You are wrong here. Hitler claims he did fight in the name of Christianity (a perversion of Christianity.) I am a Christian, and truly abhor the genocide committed by him and his followers, but a quick internet search reveals that he did use Christianity as his reasoning (however illogical it is) just as the Taliban and Al Qaeda do in the name of Islam. So, yes, he and others did not truly understand Christianity, but that fact does not erase that he used religion as his call to arms. To say that religious fanaticism was not responsible for millions of concentration camp deaths is highly inaccurate. Although I do not agree with Hitchens about whether God exists, I agree with him in that so many zealots are ready to kill others to prove the supremacy of their brand of faith.

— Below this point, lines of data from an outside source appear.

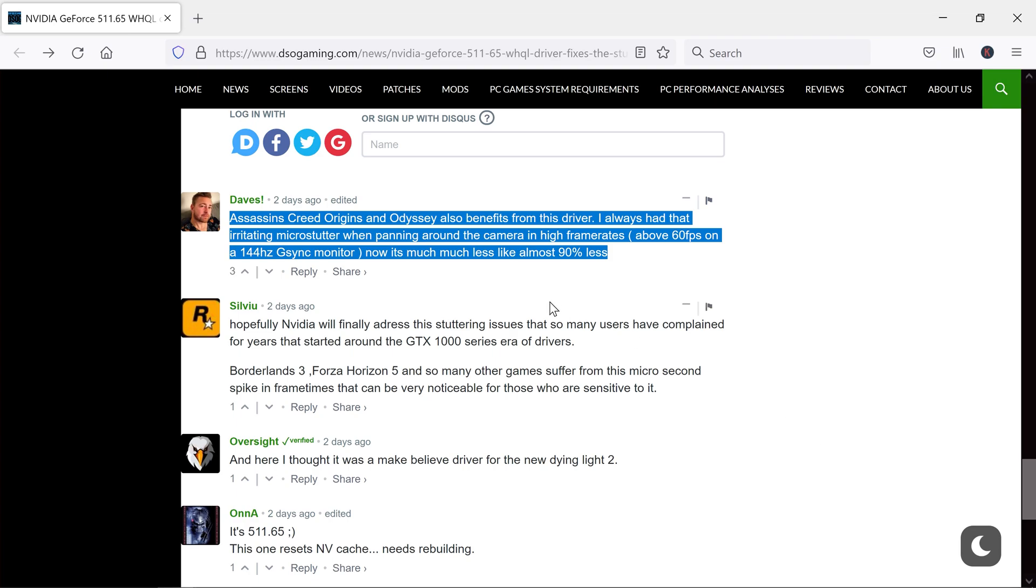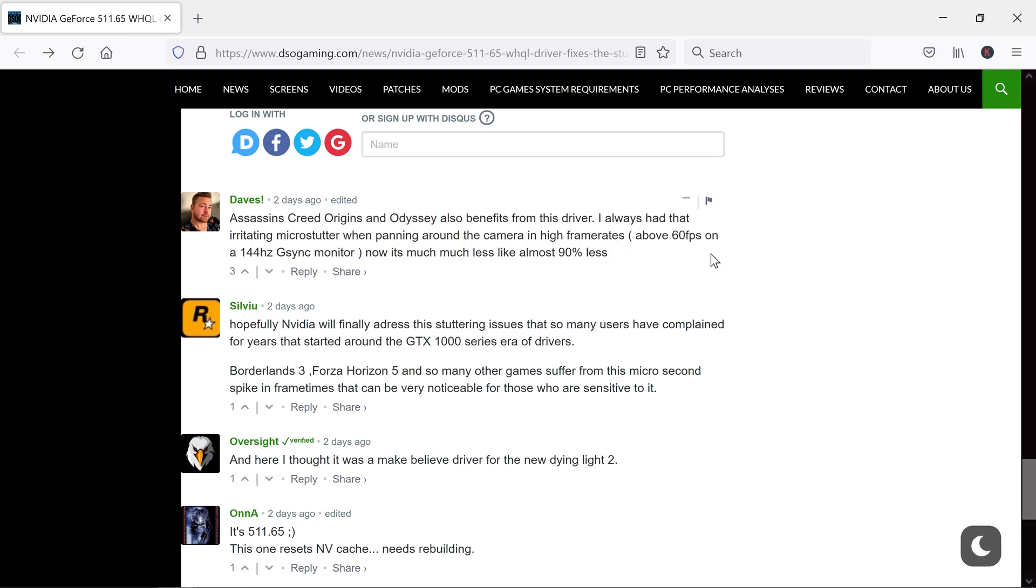If you ask me, then I personally tested in the games I play and it does help with micro stutter, but only with micro stutter. Larger spikes which we can feel are still there and it doesn't help with those spikes. So remember that this driver fixes just micro stuttering and nothing else.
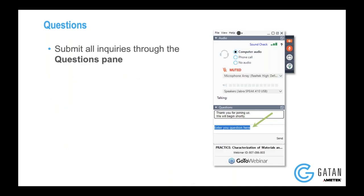Thank you, Sandhya. That was great. There are a lot of very good examples of how we can apply the K3 on the back of the continuum to measure some very subtle features in the near-edge line structure, as well as the exciton mapping — those are really great examples. So we had a few questions come in.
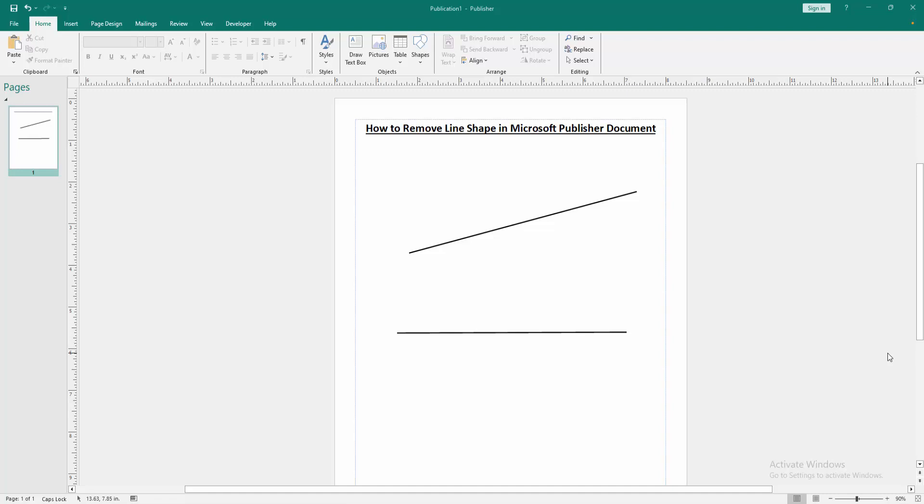Firstly, we have to open a publisher document. Now we want to remove line shape in this document. Firstly select a line. We can see here the move icon. Then we select this line to use this move icon. Then press delete on our keyboard.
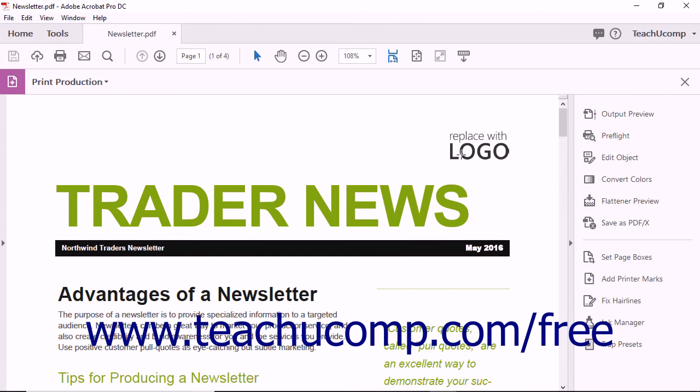The Print Production screen then appears. When in Print Production mode, the Tools pane displays features used to prepare a PDF for printing.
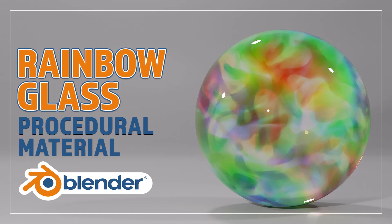Hello and welcome to Blender Bitesize. In this video I'll be showing you how to make this material procedurally in Blender.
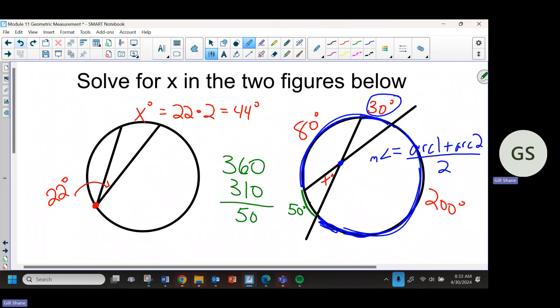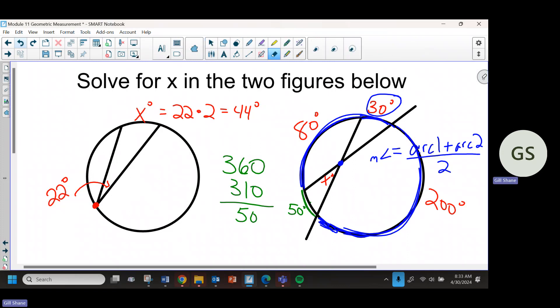There is another way to do it. I really like the way this student did it. If we add those two arcs together and divide by 2, we get 40. Arc 1 is 30, arc 2 is 50. We add them together and divide by 2.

The following is from his speech in Munich on 12 April 1922:

My feelings as a Christian points me to my Lord and Savior as a fighter. It points me to the man who once in loneliness, surrounded only by a few followers, recognized these Jews for what they were and summoned men to fight against them and who, God's truth! was greatest not as a sufferer but as a fighter. In boundless love as a Christian and as a man I read through the passage which tells us how the Lord at last rose in His might and seized the scourge to drive out of the Temple the brood of vipers and adders. How terrific was His fight for the world against the Jewish poison. To-day, after two thousand years, with deepest emotion I recognize more profoundly than ever before in the fact that it was for this that He had to shed His blood upon the Cross. As a Christian I have no duty to allow myself to be cheated, but I have the duty to be a fighter for truth and justice....

Re: So easy to dissect
by caisley
It may seem at first that Mr. Hitchens' is comparing Guevera and Goldstein, which would indeed be a weak, if not specious, analogy of hippocratic betrayal. But the mere proximity of these references within the same article is irrelevant and attacking such a proximity is an oversimplification. Bare in mind that Mr. Hitchens cites the Guevera/Mengele analogy as a sub-argument - that of addressing the Financial Times columnist. The Goldstein case, however, exemplifies the principal argument: a doctor rejecting his moral and professional codes based on dogmatic license.
Re: So easy to dissect
by caisley
In addition, the nazim/stalinism case for equating totalitarion secular oppression with religious violence is a tired one. Usual arguments aside (Hitler's catholism and Vatican approval, Stalinism as a virtual theocracy), it boils down to this: secular tyranny requires no instruction (apart from perhaps sociopathy and demagoguery) whereas relgious fundamentalist violence is derived not from morality of the individual, but from dogmatic license.